1011100111 = -511 + 128 + 64 + 32 + 4 + 2 + 1 = -280
 

shamieh

Active member
Sep 13, 2013
539
After looking at it some more, it looks like I would say -511 + [numbers here] and I would + 1 initially, I guess that 's what "1's complacent means", similarly when it 's "2's complacent" it looks like I would not +1, but would still have a negative number if my left most bit began with a 1.

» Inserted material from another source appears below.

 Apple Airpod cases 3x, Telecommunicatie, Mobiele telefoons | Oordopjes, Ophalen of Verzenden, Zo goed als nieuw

Decimal values (1’s complement)
(a) 0111011110 = 256 + 128 + 64 + 16 + 8 + 4 + 2 = 478
(b) 1011100111 = -511 + 128 + 64 + 32 + 4 + 2 + 1 = -280

Decimal values (2’s complement)
(a) 0111011110 = 256 + 128 + 64 + 16 + 8 + 4 + 2 = 478
(b) 1011100111 = -512 + 128 + 64 + 32 + 4 + 2 + 1 = -281
 

MarkFL

Administrator
Staff member
Feb 24, 2012
13,775
The way I look at one's complement is to first find the unsigned value:

\(\displaystyle (1011100111)_2=1+2+4+32+64+128+512=743\)

Now count the number of binary digits, which is 10, and so subtract $2^{10}-1=1023$:

\(\displaystyle 743-1023=-280\)
 

shamieh

Active member
Sep 13, 2013
539
Wow that way is so much easier then what the book teaches.